I (“we”) got our base payment, but none of the dependent money, even though I have two dependents.

Typical.

Apparently this has happened to no shortage of people, especially those who filled out the Non-Filer form.

I mean, I guess I should be happy that we (eventually) got anything at all, but… really? Seriously, IRS?

Well, this may not have gone as it was intended.

My neurologist wanted me to try lisinopril to see if it changed the frequency and severity of my migraines in any positive way (lessening either). After working my way up from 2.5mg to the intended 5mg dose, maintaining that for a little while, and finding the side effects that I could feel tolerable, I then began to notice something that was not only possibly intolerable from a clinical standpoint but concerning.
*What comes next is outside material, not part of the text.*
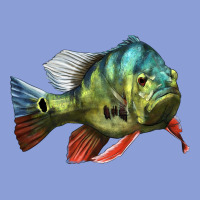 Peacock Bass Illustrations Long Sleeve Tee | Teevron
I was beginning to get a bit “puffy” in a manner not quite like prednisone (I know what prednisone “puffiness” feels like and when it occurs), having to urinate more, and I was beginning to gain weight in spite of that when my diet and exercise had not changed at all. After doing some research on the side effect profile of this medication, these are side effects that this medication can have, and the individual that generally has these side effects most likely discontinues taking the medication as a result of these for… well, whatever reason.

At first, I thought that things weren’t going too bad with this medication, and then… well, this. Heh.

“Well, this,” seems to be a staple of me describing this medication to varying individuals in my care team.

Well, this.

I don’t mind gaining some weight from taking certain medications if there is a net positive from me taking that medication — prednisone is perhaps the primary one here, and the primary reason for this — and I can put up with a lot of side effects from treatment if the end goal is me comparatively being healthier, feeling better, and being in less pain. But for lisinopril, gaining weight and “feeling puffy” are not desirable side effects from treatment. These are warier side effects that you have to alert your care team to, it seems like.